Re-connecting to nature’s solutions, and partners: the RECONECT 4th General Assembly
RECONECT is a 5-year EU project demonstrating the effectiveness of Nature-based Solutions (NBS) in reducing climate-related water risks such as floods, droughts and landslides. With flooding projected to substantially increase in Europe, the project contributes much-needed research and fieldwork on NBS towards a more climate-resilient future for Europe. From 20 to 28 November, over 80 RECONECT project participants met virtually for the project’s 4th General Assembly.
Under an extreme climate scenario, the number of people affected by too little or too much water in Europe could rise to 295 million, nearly half of the EU population (EU Science Hub).

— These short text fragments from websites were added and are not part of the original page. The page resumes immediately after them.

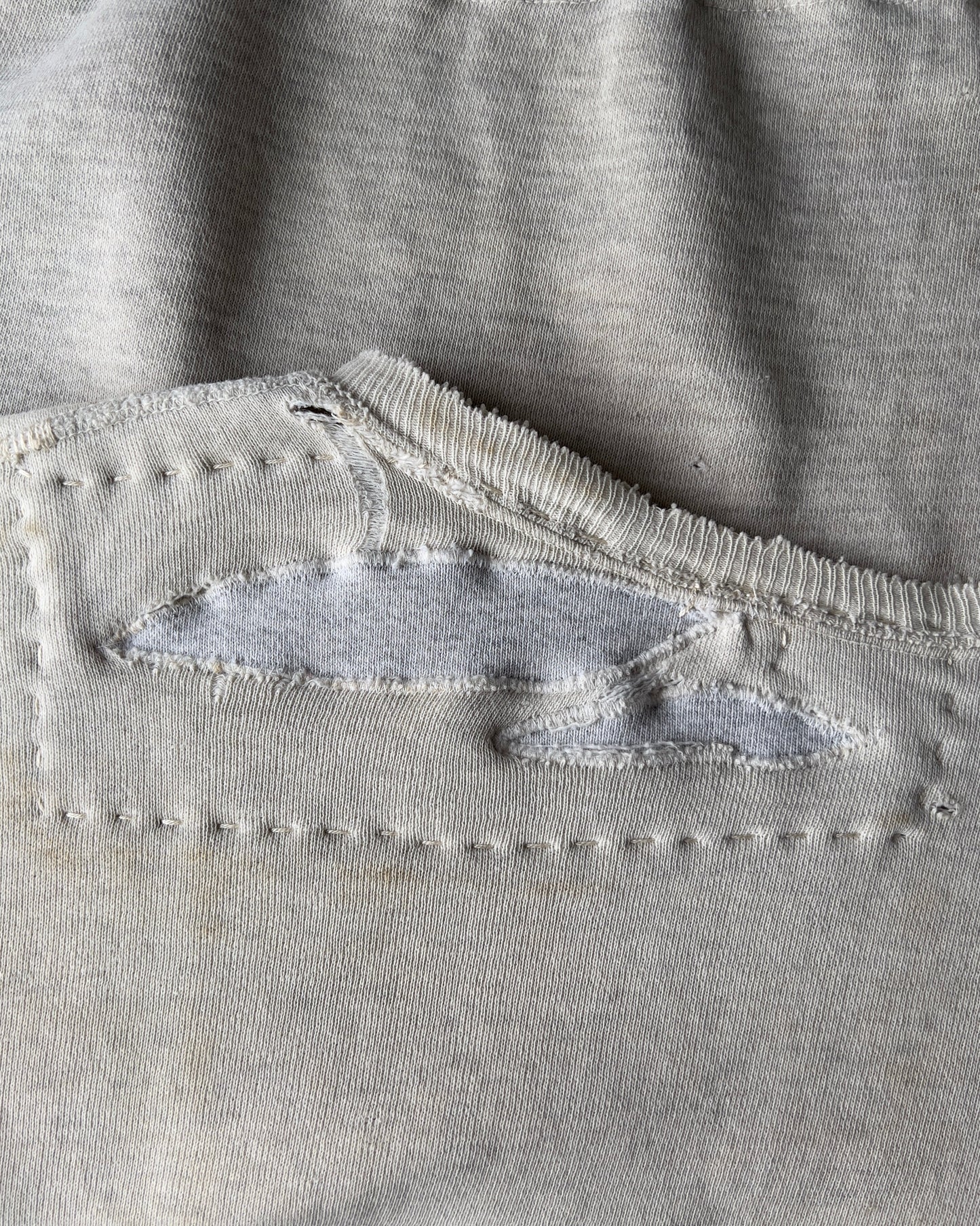 1960s Harvard University Veritas Repaired Cotton Sweatshirt - Shop ThreadCount Vintage Co.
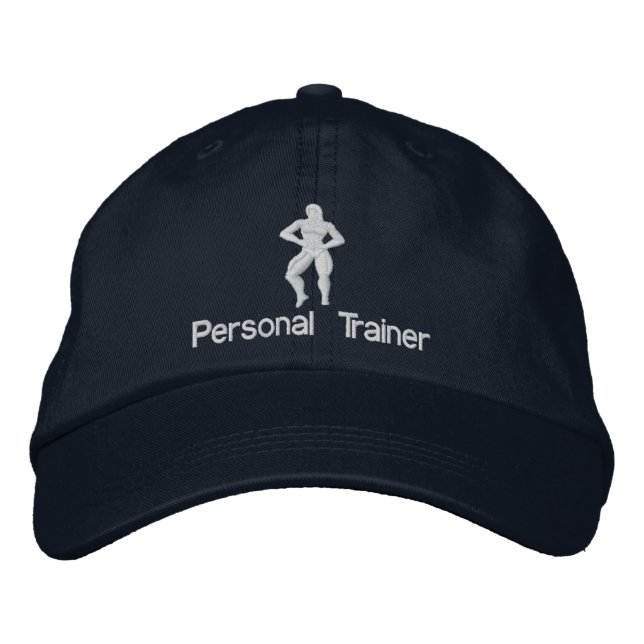 Personal Trainer bestickter Hut (Vorderseite)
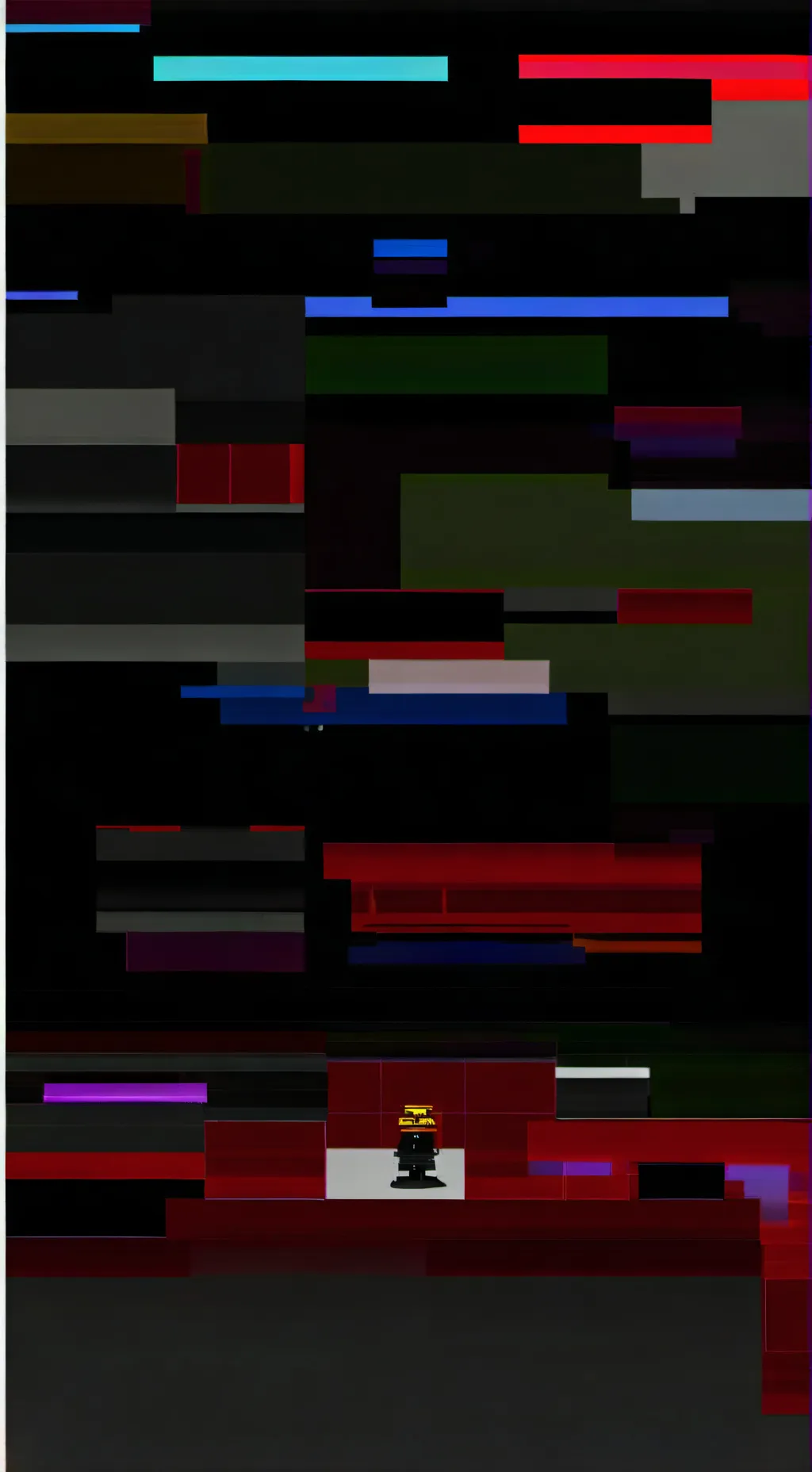 ai character: Sprunki Microwave background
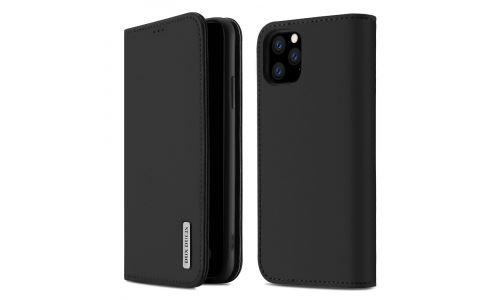 Etui folio iPhone 11 PRO Max Dux-Ducis série Wish cuir noir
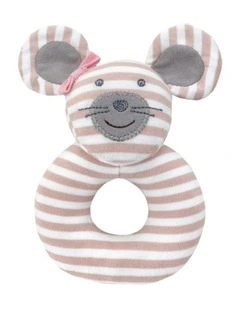 Cotton Teething Rattle Ballerina Mouse 13cm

In monetary terms, the statistics are also grim. According to data from the European Environment Agency, the EU experienced a collective loss of €13 billion a year since the turn of the century due to floods, landslides, droughts, heatwaves and other climate-related extremes. Implementing Nature-based Solutions to adapt to climate change can help improve current practices and provide multiple co-benefits besides climate risk reduction (EU Report).
During the four-day virtual meeting, the RECONECT partners were able to share their ongoing work, communicate results and findings, but also discuss the different enablers and barriers towards implementation, replication and upscaling of NBS in various parts of Europe, and beyond. All presentations and discussions revolved around the aim to harness nature’s solutions in dealing with climate-induced flooding, landslides and drought.
“We were impressed with the active interaction of so many of our RECONECT partners in the first fully virtual version of our general assembly. Conducting a four half-days online conference with over eighty participants was certainly a digital feat but by no means did it reduce learning, sharing or progress. The conference had a tight agenda with all the key topics on our work and deliverables on Nature-based Solutions addressed. We do however of course look forward to meeting back in person, hopefully in 2021”, said Zoran Vojinovic, RECONECT project coordinator.
The RECONECT consortium consists of 36 partners from 18 countries and draws upon an incredibly diverse network of Demonstrators (those who implement large-scale NBS projects, old and new) and Collaborators (those who conduct new NBS research, of which 4 EU and 13 international studies) that cover a wide range of conditions, geographic characteristics, and institutional and governance structures. The professional expertise of the participants was wide and varied, from academia to industry practitioners.
We heard for example from Jasna Plavsic — a RECONECT collaborator from Belgrade University — how the Jadar River in Serbia frequently bursts its banks due to torrential rains causing landslides and erosion. The dykes downstream aren’t robust enough anymore and new mining and highway plans are further exacerbating the current challenges.
Various Nature-based Solutions are on the cards, such as floodplain restoration, reforestation and terracing to contain the flash floods and buffer strips and live crib walls  to withhold landslides. Whilst solutions exist, so do barriers such as land ownership, nature protection zones, a lack of existing data and long-term institutional support.
 A live crib wall is a frame built with untreated timbers and filled with soil and live cuttings. Once completed, this structure acts as a retaining wall.
Further afield, we learned from the Hydro-Informatics Institute in Thailand — a RECONECT collaborator — that implementing Nature-based Solutions for flood mitigation in the Pathum Thani Province (north of Bangkok) can be challenging due to a lack of understanding and buy-in from local communities. This is where the project’s Communications and Dissemination strategy comes into play, ensuring case studies and results from NBS implementation are shared through stories, web articles, infographics, short videos and translations aimed at influencing a wide range of stakeholders and beneficiaries.
Jelena Batica from the University of the Cote d’Azur, presented the demonstration work from the Var River Basin, part of the Var Eco Valley, a flagship project of the French Government focused on innovative approaches to environmental challenges.
This region is no stranger to floods and storms, with recent storm Alex causing considerable loss of life and infrastructure damage. Various measures in the basin have been (and will be) developed such as green dikes, biodiversity habitats, ecological corridors and canal restoration and preservation.
In July 2020, IUCN unveiled a new Global Standard providing the first-ever set of benchmarks for nature-based solutions to global challenges. The new NBS Standard will help governments, business and civil society ensure the effectiveness of Nature-based Solutions and maximise their potential to help address climate change, biodiversity loss and other societal challenges on a global scale.
IUCN joined RECONECT in March 2020 and will bring valuable NBS knowledge, networks and expertise to the project, as well as supporting GISIG — Italian based ‘Geographical Information Systems International Group’ — in delivering the project’s communications and dissemination strategy. The RECONECT project is part of the European reference framework on Nature-based Solutions.